Aynı şey mezhepler için de geçerlidir. İnanç sistemlerinin mucitleri öldüğünde onun yakın akrabaları ya da dostları, sözde onun öğretilerini devam ettirmek adına olsa da, geçekte, kendilerini önemli kişi kabul ettirmek ve toplum nezdinde itibar görmek için gücü ellerine almak istemişler. Bu kez de onlar arasında bölünmeler yaşanmış ve her birinin arkasında duran gruplar da çeşitli mezhepleri oluşturmuşlardır. Mezhepler arasında da yüzyıllardır süren çatışmalar, savaşlar birçok cana mal olmuştur ve hala da olmaktadır.
Yaratıcıya ve onun birliğine, tekliğine inanan insanların böylesine ayrışarak, birbirine düşman olarak dünyayı cehenneme çevirmelerine yaratıcı ne diyordur bilmem ama, bu dünyanın insan, hayvan, bitki, ağaç tüm canlıların yaşam alanı olduğuna kuşkum yok. Ve belki tüm canlar birbirleriyle barışık ve birbirlerinin yaşam haklarına saygılı olarak yaşamayı öğrenince, asıl cenneti bu dünyada yaşayacak.
Din, dil, ırk, mezhep gibi etiketlerden ve bunlarla gurur duymak yerine insanlığı ve insani erdemleri ne denli özümsemiş olduğuyla gurur duymayı öğrenirse dünya cennet olacak. Bir kurtarıcının geleceğine inanmak, görünmeyen bir varlığa sığınma ve yardım beklemek mi, yoksa yaratıcının bahşettiği aklı, zekayı kullanarak hayatı güzelleştirmenin mümkün olduğunu bilerek, ona göre çalışmak, üretmek midir doğru olan?

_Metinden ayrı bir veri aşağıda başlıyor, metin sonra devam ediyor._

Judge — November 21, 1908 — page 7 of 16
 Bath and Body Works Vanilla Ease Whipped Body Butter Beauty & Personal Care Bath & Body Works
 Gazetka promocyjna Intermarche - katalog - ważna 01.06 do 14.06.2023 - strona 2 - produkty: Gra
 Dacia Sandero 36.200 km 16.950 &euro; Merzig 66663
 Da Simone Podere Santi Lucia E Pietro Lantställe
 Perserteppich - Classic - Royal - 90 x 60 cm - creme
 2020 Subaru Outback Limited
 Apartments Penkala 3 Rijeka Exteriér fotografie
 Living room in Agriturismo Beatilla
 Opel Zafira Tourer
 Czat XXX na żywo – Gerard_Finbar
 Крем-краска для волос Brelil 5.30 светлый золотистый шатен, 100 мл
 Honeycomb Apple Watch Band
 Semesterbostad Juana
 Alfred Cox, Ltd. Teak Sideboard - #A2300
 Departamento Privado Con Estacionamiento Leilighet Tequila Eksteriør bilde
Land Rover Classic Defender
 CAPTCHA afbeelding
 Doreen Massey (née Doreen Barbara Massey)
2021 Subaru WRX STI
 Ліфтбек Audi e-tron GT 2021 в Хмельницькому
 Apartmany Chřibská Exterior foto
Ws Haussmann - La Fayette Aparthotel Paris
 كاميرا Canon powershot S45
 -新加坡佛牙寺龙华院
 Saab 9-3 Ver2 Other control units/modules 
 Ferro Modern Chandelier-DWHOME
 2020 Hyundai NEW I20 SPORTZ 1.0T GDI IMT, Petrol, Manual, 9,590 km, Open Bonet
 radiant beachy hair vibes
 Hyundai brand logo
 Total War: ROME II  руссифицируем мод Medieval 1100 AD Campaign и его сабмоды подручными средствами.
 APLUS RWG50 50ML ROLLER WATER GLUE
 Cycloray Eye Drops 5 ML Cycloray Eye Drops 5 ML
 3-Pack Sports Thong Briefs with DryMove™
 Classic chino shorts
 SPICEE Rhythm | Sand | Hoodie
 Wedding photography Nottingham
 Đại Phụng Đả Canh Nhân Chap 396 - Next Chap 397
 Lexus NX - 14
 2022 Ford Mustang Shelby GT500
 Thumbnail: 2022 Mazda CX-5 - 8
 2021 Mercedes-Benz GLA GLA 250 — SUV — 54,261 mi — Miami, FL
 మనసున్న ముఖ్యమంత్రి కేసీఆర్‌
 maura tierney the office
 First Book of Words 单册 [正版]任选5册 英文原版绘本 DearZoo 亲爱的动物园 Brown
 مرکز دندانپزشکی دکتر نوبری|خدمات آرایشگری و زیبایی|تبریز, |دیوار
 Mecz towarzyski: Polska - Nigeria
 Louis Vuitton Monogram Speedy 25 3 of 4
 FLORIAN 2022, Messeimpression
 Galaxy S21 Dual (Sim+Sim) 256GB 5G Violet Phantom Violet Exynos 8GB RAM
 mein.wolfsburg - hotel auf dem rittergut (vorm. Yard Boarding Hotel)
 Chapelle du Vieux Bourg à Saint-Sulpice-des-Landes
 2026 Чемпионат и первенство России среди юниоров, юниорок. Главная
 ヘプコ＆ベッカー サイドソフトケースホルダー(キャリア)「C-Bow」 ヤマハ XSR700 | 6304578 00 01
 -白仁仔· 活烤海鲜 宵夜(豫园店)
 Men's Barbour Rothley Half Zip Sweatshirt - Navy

Hep bir kurtarıcı bekliyoruz ya. Dünyayı bu cehennem çilesinden kurtarsın, ekonomiyi düzeltsin, hakları, eşitliği, adaleti sağlasın, refahımızı arttırsın vs… Başımız sıkışınca Allah’ım diye başlayan cümlelerle dua ediyoruz ya. Aslında Allah’ın verdiği aklı kullanmadığımız içindir çektiğimiz sıkıntılar. Sözü fazla uzatmayacağım. Bir görselden alıntıyla sonlandıracağım bu ayki yazımı.
Ülkeyi kurtaracağını zannettiğimiz beş şey:
1. Partiler
2. Politikacılar
3. İdeolojiler
4. Irklar
5. İnançlar
Ülkeyi asıl kurtaracak beş şey:
1. Akıl
2. Adalet
3. Saygı
4. Eğitim
5. Eşitlik
Sevgiyle ve dostça kalın. Kendinize ve keyfinize iyi bakın.